Title: Rumbling Hearts aka Kimi ga Nozomu Eien
Company: Studio Fantasia
Format: 14 episodes
Dates: 5 Oct 2003 – 4 Jan 2004
Synopsis: Narumi Takeyuki is in a dilemma. He’s in love with Mitsuki, the star of the swim team, but her best friend, Haruka, has asked him out. Being a gentleman, he accepts Haruka’s request and with time, falls for her. Just when love seems to be blooming, Haruka falls into a coma after a car smashes into her. She wakes up three years later only to find her boyfriend, Takeyuki, living with Mitsuki.
Characters: Emotions are down to Earth but burdened by angst.
Animation: Clean and elegant.
Script: Strong, but the introductory arc ends too quickly.
Melodramatic: Most definitely.
I have always enjoyed a light touch of realism in the anime I watch. This translucent yet ubiquitous presence allows me to more easily relate with characters as human beings as opposed to just moving pictures. This, however, does not mean an anime should be inundated with realism. Kimi ga Nozomu Eien has one of the most visceral clash of emotions you can find, but it also has the burdensome emotional baggage that makes a date with a drama queen seem more appealing.
For the large part, the series eschews shallow character personalities and jumps straight into the raw emotions that make the cast tick. These characters go through a rollercoaster of feelings trying to cope with their genuinely heartbreaking circumstances. In a state of psychological conflict and deep depression, lead character Takeyuki implodes and his frustration bursts out onto the audience. His situation is so deplorable that even I pity the difficult dilemma he faces.
Pity, however, is all I feel. Imagine if that neighbor you really don’t know gets into a tragic accident. While anyone will sympathize with their neighbor, they probably won’t care enough to go by their side and grieve for them. Simply put, the characters are so full of angst that caring for them becomes a chore. Given their circumstances, the characters act like any other person would act, and they don’t go above and beyond to actually define their roles.

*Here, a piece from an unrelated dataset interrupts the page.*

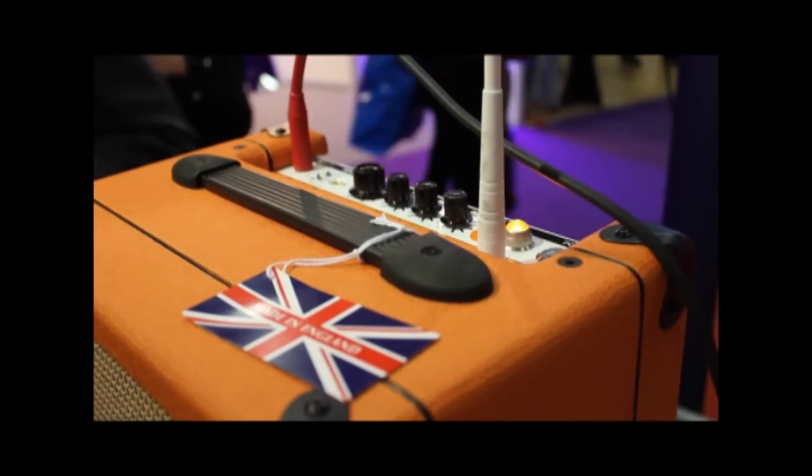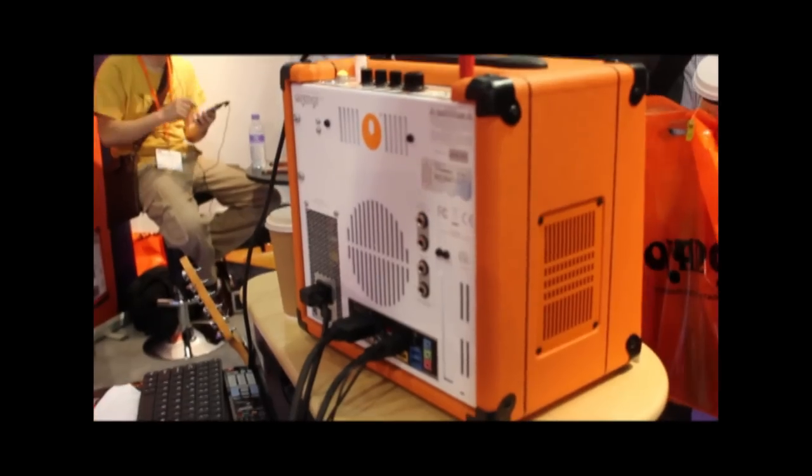We've worked with Intel, Gigabyte, IK Multimedia, Acoustica, and we've worked with loads of software developers in order to get this whole system working in one box and working as best as it can.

In truth, the circumstances create the drama. The cast is really a tack-on feature that only exists out of necessity. Instead of being the driving force behind the story, the characters are just passengers that happen to be on the ride. Kimi ga Nozomu Eien does have a rollercoaster of emotions, but there is an emotional disconnection between the audience and the anime. Simply put, there is no bridge between what happens on screen and what the audience feels. It doesn’t help that this show takes the exact opposite approach of Kanon and gives two episodes of character foundation followed by twelve episodes of emotional fallout. Beautiful animation and music and aside, only those who who can stand melodramatic soap operas can derive enjoyment from this show.
Looking at the sheer amount of festering emotions, I’m sure that Kimi ga Nozomu Eien would have been devastating if the characters had been given significant development before everything came crashing down. However, this series is like the fool who reveals his royal flush in the second round of betting: it fails to capitalize on what it has because it is so eager to show it.